Por cima do portão baixo eu estendo o braço para apoiar a mão no ombro dela. Em resposta, seu rosto se ilumina e seus olhos vêm à minha direção. Ela pensa por alguns instantes, e não recua o passo.

— Moça, não sei o que fazer. Minha filha não quer sair do quarto, já faz três dias. Ela não come, não vai no banheiro, e… eu… não sei… o que fazer.

A senhora leva uma das mãos ao rosto abaixado para secar mais lágrimas. Ela respira fundo e engole seco, apertando ainda mais a expressão dolorida na face.

— O que faço, moça? Não sei como… quem…

— Ei, senhora, eu posso entrar pra conhecer sua filha?

— Ela não vai te ver.

— Posso ao menos tentar?

— Não, moça, não adianta. Ela não quer ver ninguém. Ela precisa de ajuda…

— Eu posso ajudá-la. Com certeza posso.

— Não, eu agradeço, moça, mas preciso entrar.

Fico só na frente portão, ainda com o braço estendido, quando a senhora volta atrás e se fecha na casa. Mais um quase.

Oh, Deus, ela quase aceitou pelo menos ouvir. Por quê?

Mas não é com Deus que eu preciso falar agora.

Bicho desgraçado, saia dessa casa agora! O que estiver na cabeça daquela menina, saia de lá agora!

Deixo a casa na certeza de que voltarei no outro dia para receber uma boa notícia, e parto para a próxima, pois ainda tenho praticamente todos os jornais com os quais saí da igreja.

Coloco os jornais embaixo do braço com dificuldade para conseguir as mãos livres para bater palmas na casa seguinte, e ouço um grito.

— MOÇA! Minha filha, ela tá te chamando! — Quando me aproximo ela continua: — Você já conhece a Thalia?

Esse nome não me é estranho, mas não sei se conheço alguma Thalia. Não importa, atendo ao clamor dessa mãe e vou até sua filha. Uma jovem de cabelos ruivos bagunçados, com rosto amarrotado e olhos profundos. O quarto está cheio de bonecas desfiguradas, caixinhas de maquiagem abertas e pedaços de pano espalhados. Thalia se senta na cama quando eu me aproximo. Ela olha para sua mãe.

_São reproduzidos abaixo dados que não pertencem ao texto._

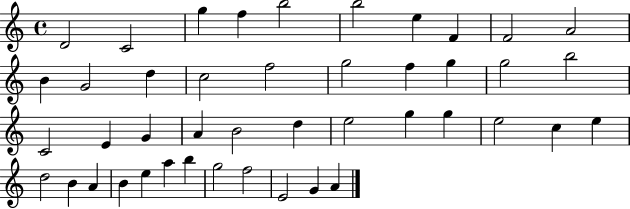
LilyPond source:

{
  \clef treble
  \time 4/4
  \defaultTimeSignature
  \key c \major
  d'2 c'2 | g''4 f''4 b''2 | b''2 e''4 f'4 | f'2 a'2 | \break b'4 g'2 d''4 | c''2 f''2 | g''2 f''4 g''4 | g''2 b''2 | \break c'2 e'4 g'4 | a'4 b'2 d''4 | e''2 g''4 g''4 | e''2 c''4 e''4 | \break d''2 b'4 a'4 | b'4 e''4 a''4 b''4 | g''2 f''2 | e'2 g'4 a'4 | \break \bar "|."
} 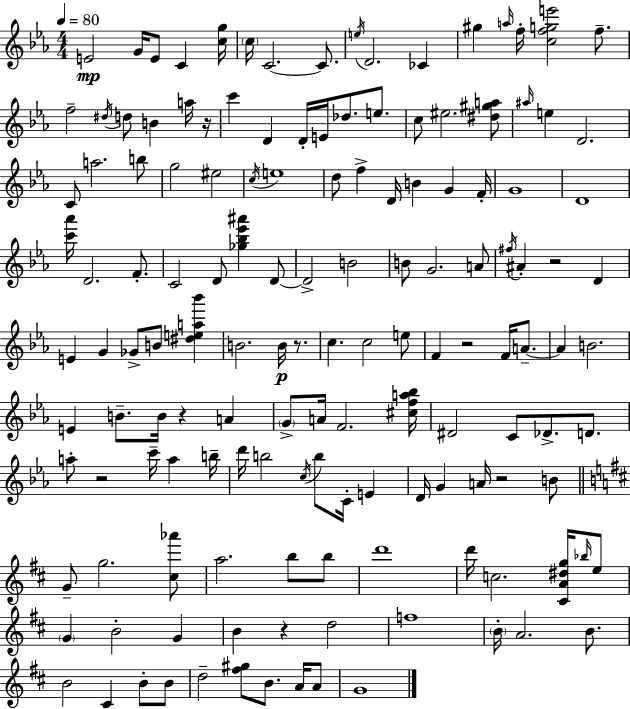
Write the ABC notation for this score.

X:1
T:Untitled
M:4/4
L:1/4
K:Cm
E2 G/4 E/2 C [cg]/4 c/4 C2 C/2 e/4 D2 _C ^g a/4 f/4 [cfge']2 f/2 f2 ^d/4 d/2 B a/4 z/4 c' D D/4 E/4 _d/2 e/2 c/2 ^e2 [^d^ga]/2 ^a/4 e D2 C/2 a2 b/2 g2 ^e2 c/4 e4 d/2 f D/4 B G F/4 G4 D4 [c'_a']/4 D2 F/2 C2 D/2 [_g_b_e'^a'] D/2 D2 B2 B/2 G2 A/2 ^f/4 ^A z2 D E G _G/2 B/2 [^dea_b'] B2 B/4 z/2 c c2 e/2 F z2 F/4 A/2 A B2 E B/2 B/4 z A G/2 A/4 F2 [^cfa_b]/4 ^D2 C/2 _D/2 D/2 a/2 z2 c'/4 a b/4 d'/4 b2 c/4 b/2 C/4 E D/4 G A/4 z2 B/2 G/2 g2 [^c_a']/2 a2 b/2 b/2 d'4 d'/4 c2 [^CA^dg]/4 _b/4 e/2 G B2 G B z d2 f4 B/4 A2 B/2 B2 ^C B/2 B/2 d2 [^f^g]/2 B/2 A/4 A/2 G4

— Acho que, por você ser menina, ela quis te atender.

Thalia enxuga o rosto com a manga da blusa azul-bebê cheia de corujinhas brancas desenhadas. Tento puxar assunto com ela, mas Thalia não responde. Não entendo por que ela me chamou se não quer conversar. Trago à tona tudo que consigo lembrar que as meninas do mundo gostam. Maquiagens, roupas, músicas românticas… Não sei muito bem o que mais posso dizer, pois nunca fui do mundo. Nada que digo provoca uma reação em Thalia.

Parto para outra direção. Direto ao ponto, convido-a para o Conexão, e peço à sua mãe que me permita vir buscá-la e trazê-la de volta no sábado a tarde. Thalia ergue o rosto alguns milímetros, e sua mãe repete minha pergunta para que Thalia responda.

— Vamos, o que você tem a perder?

Após alguns minutos, Thalia acena positivamente com a cabeça. Fecho o dia contente, e contagio até a mãe de Thalia, que me acompanha ao portão falando de como Thalia não se abria com ninguém há dias, e me agradecendo.

Não é a mim que você deve agradecer, penso quando caminho para a casa seguinte. Eu também devo agradecer. Obrigada por contar comigo, meu Pai querido, te adoro.